Dr. Marvin Cooper was buried with his stethoscope. It was a fitting accessory for a pediatrician who tended to four generations of some families over his 64-year career.
Dr. Cooper — who practiced until he was 90 from an office in West Rogers Park and taught at Northwestern University’s Feinberg School of Medicine — died Sept. 16 at his Lincolnwood home. He was 98.
He attributed his longevity to good genes, 69 years of happy marriage to his wife Marcia and, as he put it in a family memoir: “For 64 years, had my hands on babies.”
He was 5 when he became interested in medicine. After hitting his head in a fall, he paid attention to the doctor stitching him up.
“I remember not crying but being totally fascinated as I watched him perform the procedure, which I did by looking through the mirror that was hanging on an opposite wall,” he wrote.
He grew up on the second floor of a two-flat in Albany Park. His paternal grandfather Moses Patchipauvich was from Russia.

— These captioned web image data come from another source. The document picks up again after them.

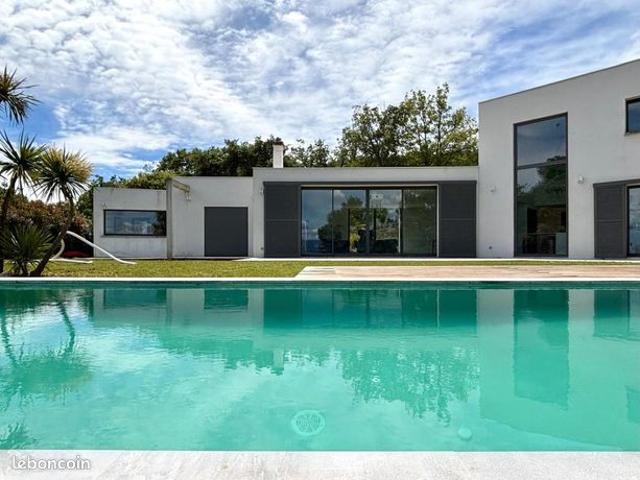 Maison 7 pièces 273 m²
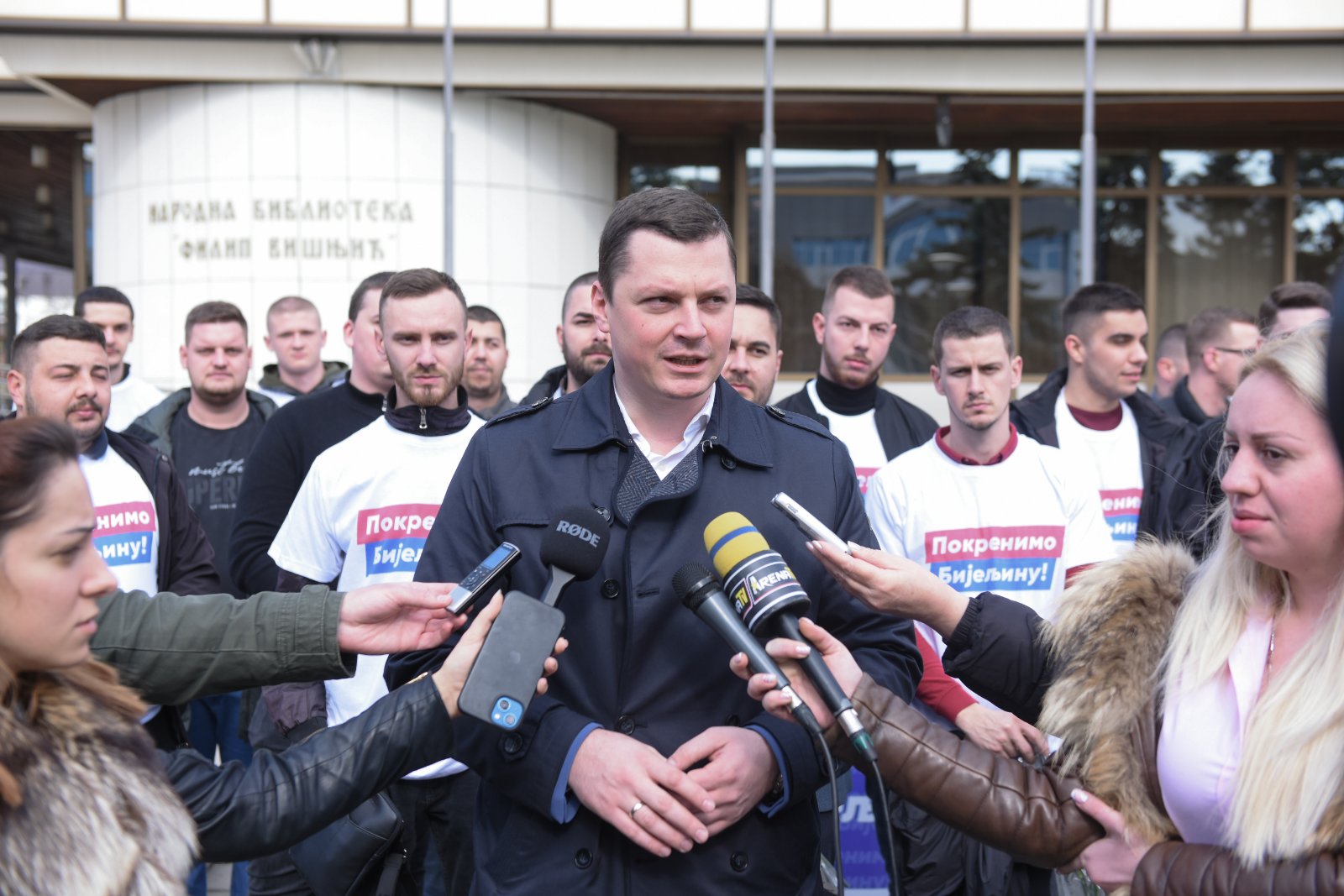 Narodna koalicija "Pokrenimo Bijeljinu" dijelila damama cvijeće povodom 8. marta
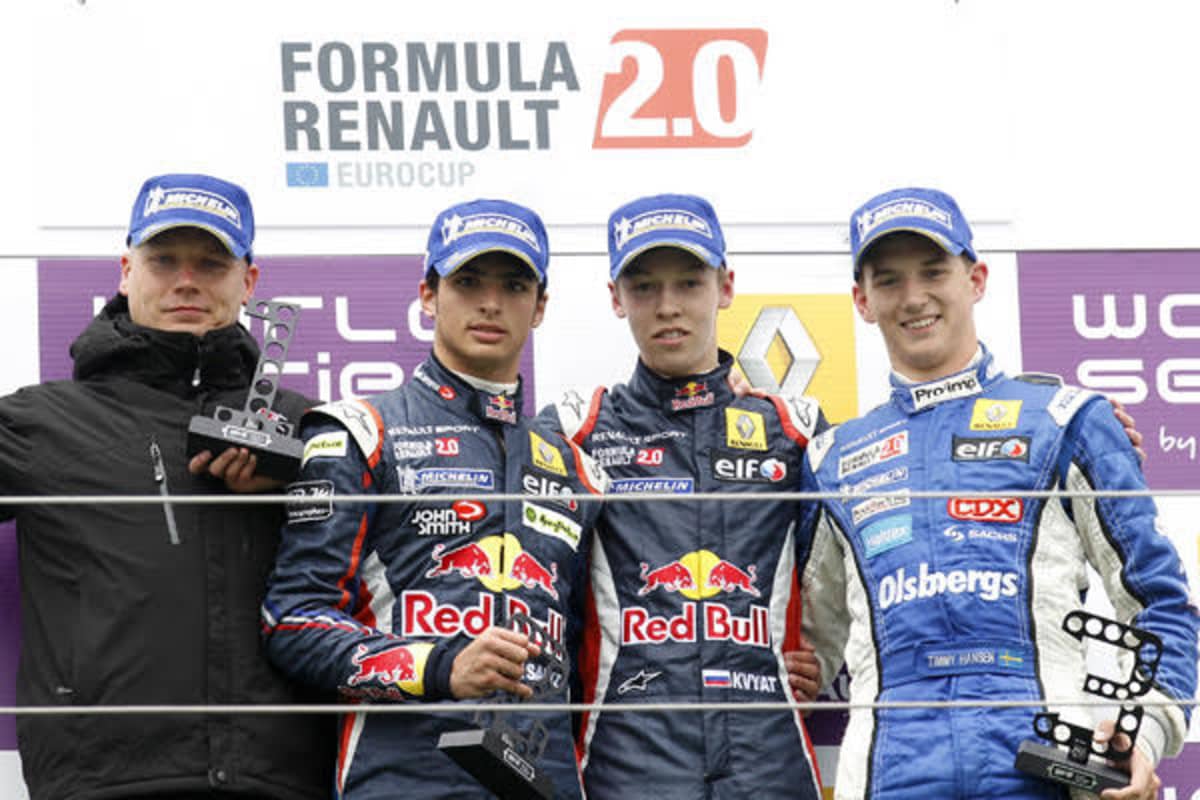 Afa Heikkinen ja Koirasen talli auttoivat monia tunnettuja nimiä tiellä formula ykkösiin. Kuvassa Heikkinen (vas.) palkintokorokkeella nuorten Carlos Sainzin (toinen vas.) ja Daniil Kvjatin (toinen oik.) kanssa.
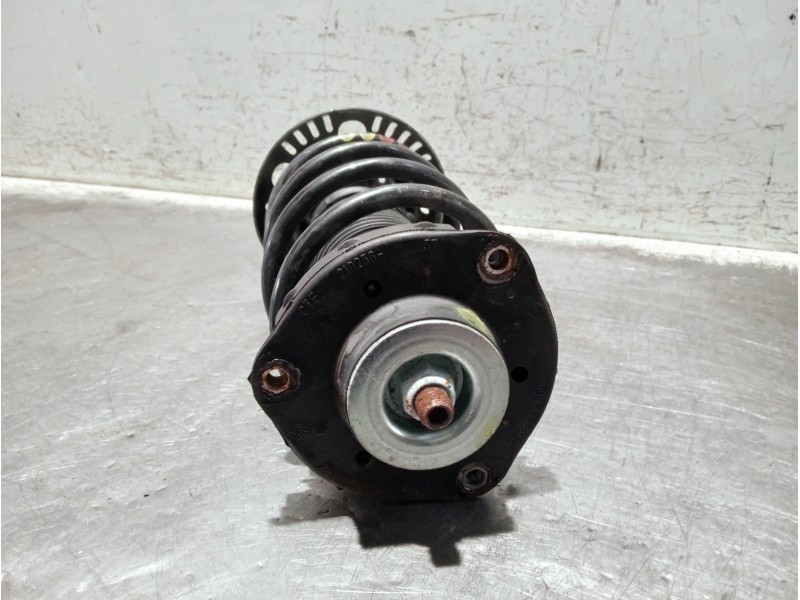 Recambio de amortiguador delantero izquierdo para audi a2 (8z) referencia OEM IAM 8Z0413031AB   Recambio de amortiguador delantero izquierdo para audi a2 (8z) referencia OEM IAM 8Z0413031AB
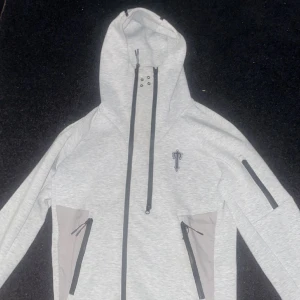 Trapstar hoodie ”LIMITED EDITION - Exklusiv säljs inte längre  Limited edition storlek S men passar även M Riktigt bra skick 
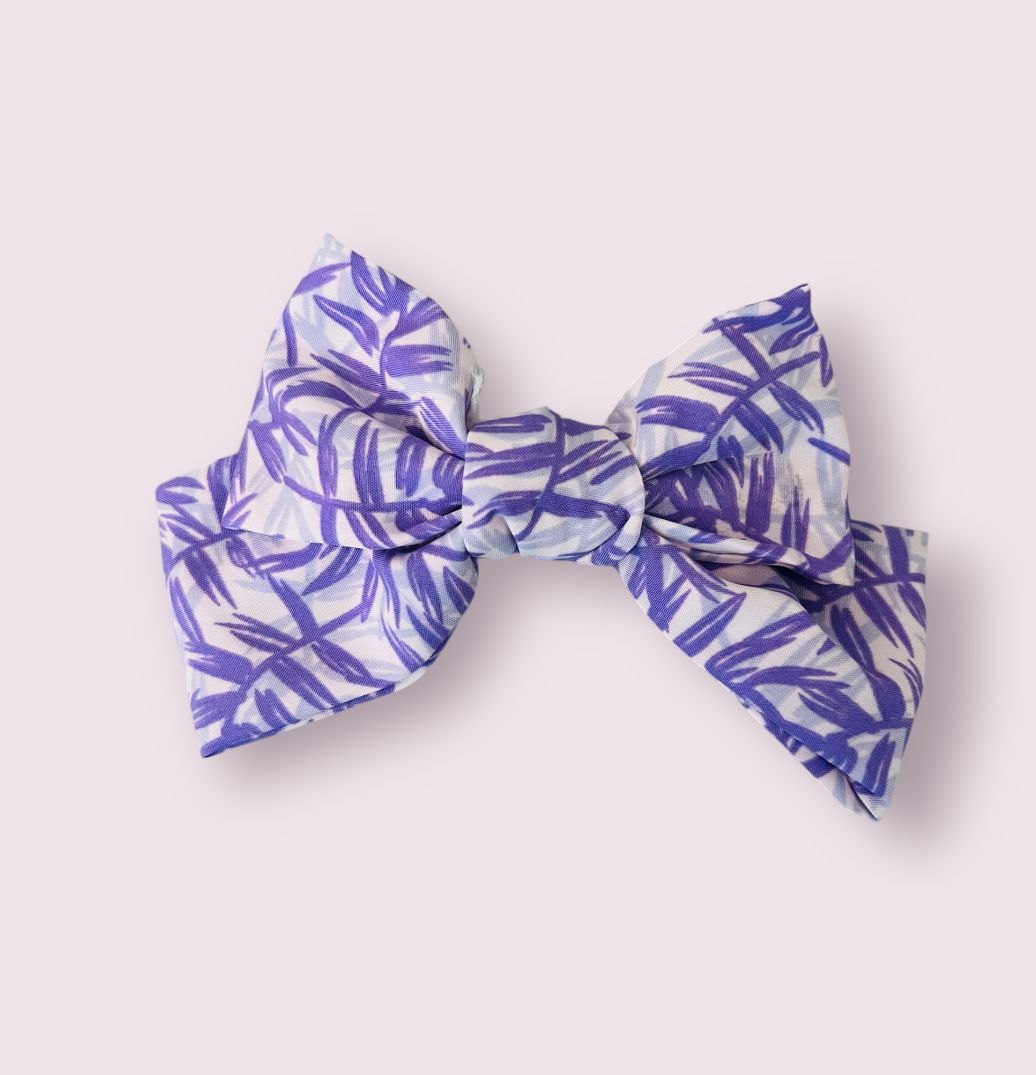 Pince à cheveux a motif de feuille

A U.S. immigration officer couldn’t spell or pronounce the name, so he “went down a list of names in front of him, came across the name Cooper and just assigned it,” Dr. Cooper wrote.
His parents were Rose and Leon Cooper, founder of the Clever Maid uniform company. Young Marvin went to Bateman grade school and got his ear twisted when he misbehaved at Congregation Mount Sinai’s Hebrew School. While at Roosevelt High School, he had a weekend job selling shoes at the old Boston Store at State and Madison.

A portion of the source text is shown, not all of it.